* Aim of the exercise: Search the records below for "4827 Leonard Road, Grants Pass, OR 97527". Return that line and all remaining lines exactly.

_ _ _ _

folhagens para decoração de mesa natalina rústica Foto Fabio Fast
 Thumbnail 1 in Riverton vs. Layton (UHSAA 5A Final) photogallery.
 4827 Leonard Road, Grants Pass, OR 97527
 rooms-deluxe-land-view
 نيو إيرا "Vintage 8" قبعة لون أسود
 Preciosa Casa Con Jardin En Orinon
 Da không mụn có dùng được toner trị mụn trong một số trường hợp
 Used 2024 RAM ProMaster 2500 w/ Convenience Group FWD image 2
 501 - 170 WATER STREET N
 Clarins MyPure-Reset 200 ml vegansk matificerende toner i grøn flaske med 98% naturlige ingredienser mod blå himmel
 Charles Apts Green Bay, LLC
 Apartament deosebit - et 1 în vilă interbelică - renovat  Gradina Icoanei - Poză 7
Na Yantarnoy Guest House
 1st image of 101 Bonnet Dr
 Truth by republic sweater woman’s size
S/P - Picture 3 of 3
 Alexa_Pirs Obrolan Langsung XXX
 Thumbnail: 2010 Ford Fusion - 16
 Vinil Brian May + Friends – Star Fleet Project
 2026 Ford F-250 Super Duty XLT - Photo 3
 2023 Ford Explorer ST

_ _ _ _

* Answer section:
 4827 Leonard Road, Grants Pass, OR 97527
 rooms-deluxe-land-view
 نيو إيرا "Vintage 8" قبعة لون أسود
 Preciosa Casa Con Jardin En Orinon
 Da không mụn có dùng được toner trị mụn trong một số trường hợp
 Used 2024 RAM ProMaster 2500 w/ Convenience Group FWD image 2
 501 - 170 WATER STREET N
 Clarins MyPure-Reset 200 ml vegansk matificerende toner i grøn flaske med 98% naturlige ingredienser mod blå himmel
 Charles Apts Green Bay, LLC
 Apartament deosebit - et 1 în vilă interbelică - renovat  Gradina Icoanei - Poză 7
Na Yantarnoy Guest House
 1st image of 101 Bonnet Dr
 Truth by republic sweater woman’s size
S/P - Picture 3 of 3
 Alexa_Pirs Obrolan Langsung XXX
 Thumbnail: 2010 Ford Fusion - 16
 Vinil Brian May + Friends – Star Fleet Project
 2026 Ford F-250 Super Duty XLT - Photo 3
 2023 Ford Explorer ST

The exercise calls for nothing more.